How to Help an Editor

If you’re submitting your fiction manuscript to a traditional publishing house, here are some ways to make your editor’s job a lot easier. I’m not sure how the process works with nonfiction. I believe they only submit a manuscript proposal, a marketing plan, and perhaps a few chapters — depending on the rules of the individual publishing house. I don’t think the author has to have written the entire manuscript at the time of submission. Anyway… if you want to do submissions editors a favor, you can:

1. At the very least, run Microsoft Word’s spellcheck before you submit. At the VERY least. Yes, we’re all human and we make mistakes, but blatant errors are embarrassing.

2. Do not rush to submit your manuscript. Make sure it’s the best it can possibly be before you send it out. Check your logic and your facts. (Yes, even fiction can rely on facts.)

3. Have at least one other person read the manuscript before you send it on to a submissions editor. This person can help you find errors (both grammatical and logical) so you’ll have a better chance of your submission being accepted.

4. Read your work out loud. If you do, you’ll come across sentences that sound strange and need to be fixed. Don’t be lazy. Fix your sentences. A submissions editor is not going to fix them for you; instead, he will assume you are lazy and will reject your work.

5. Clean up the formatting before you send. Make sure fonts are uniform, line spacing is consistent, etc. Again, getting another person to read or look over your manuscript is a big help with this.

6. Read books or articles about the publishing process so you’ll know what to expect… and how not to make an editor angry.

In other words, the submissions editor should not be the first person besides you, the author, to read or look at the manuscript. As the author, your responsibility is to make your book the absolute best it can be. There is no room for laziness in the publishing industry, especially these days, when it seems like everyone and his brother is writing a book.

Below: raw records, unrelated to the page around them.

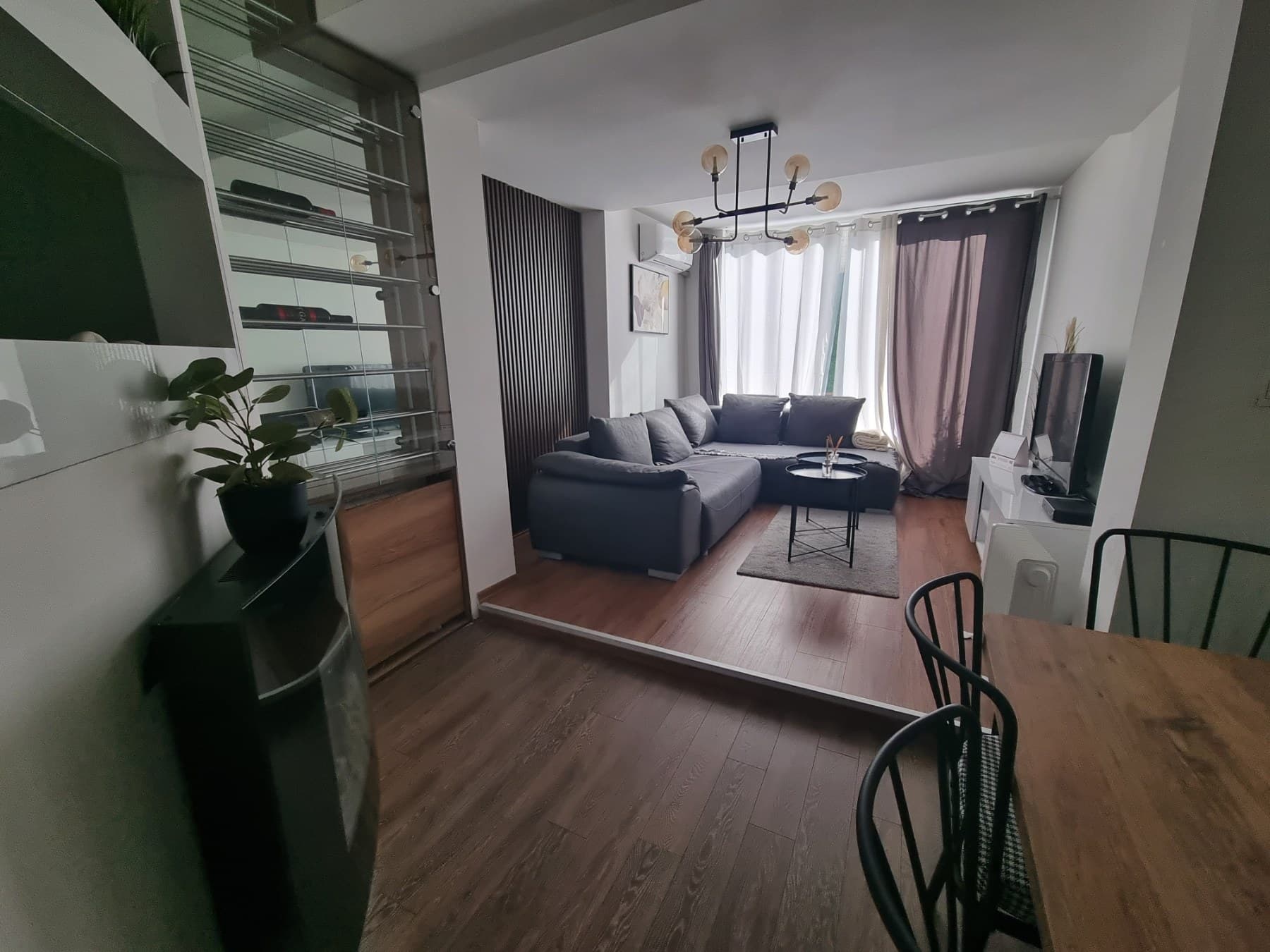 Функционален стан 40м2 во Карпош - За Изнајмување - Карпош - Слика 4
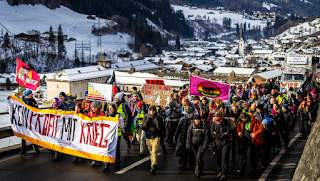 SUIZA. Protestas anticapitalistas en la nieve ante la cumbre de Davos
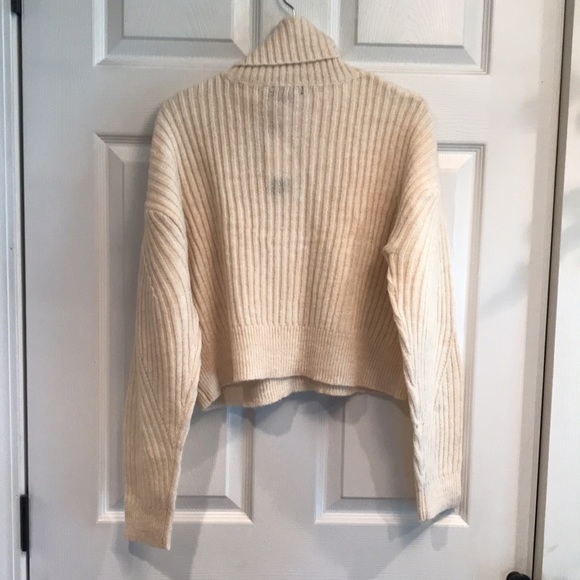 Micha Lounge brand size XS pullover crop length sweater with high collar- NWT - Picture 2 of 4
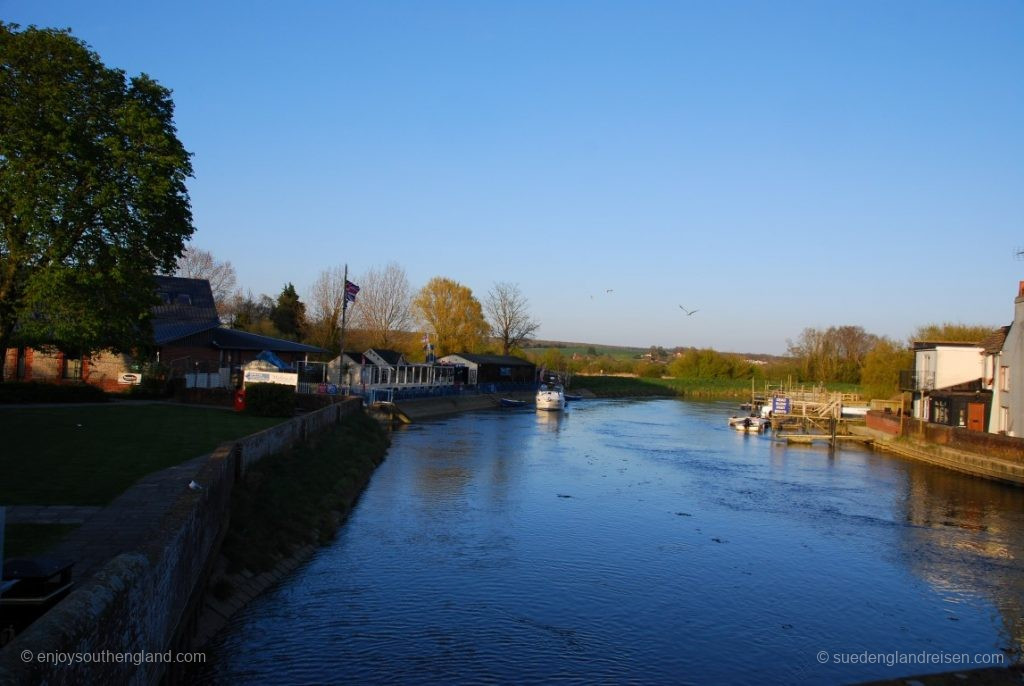 Arundel is located on the banks of the River Arun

Even for self-publishing, where you bypass a submissions editor and do everything yourself, you should absolutely follow all the above guidelines. Putting an unedited or badly formatted book out into the market will only make you look like you don’t really care and haven’t done your research. You don’t want to embarrass yourself that way; trust me.

11 thoughts on “How to Help an Editor

  1. Oh man, checking your facts is so important. My book made it through like eight rounds of beta reading before my astrophysics major friend finally pointed out that I had the brightness level of the binary stars in the Sirius system mixed up. I was like … A) thank you!, and B) how do you know this???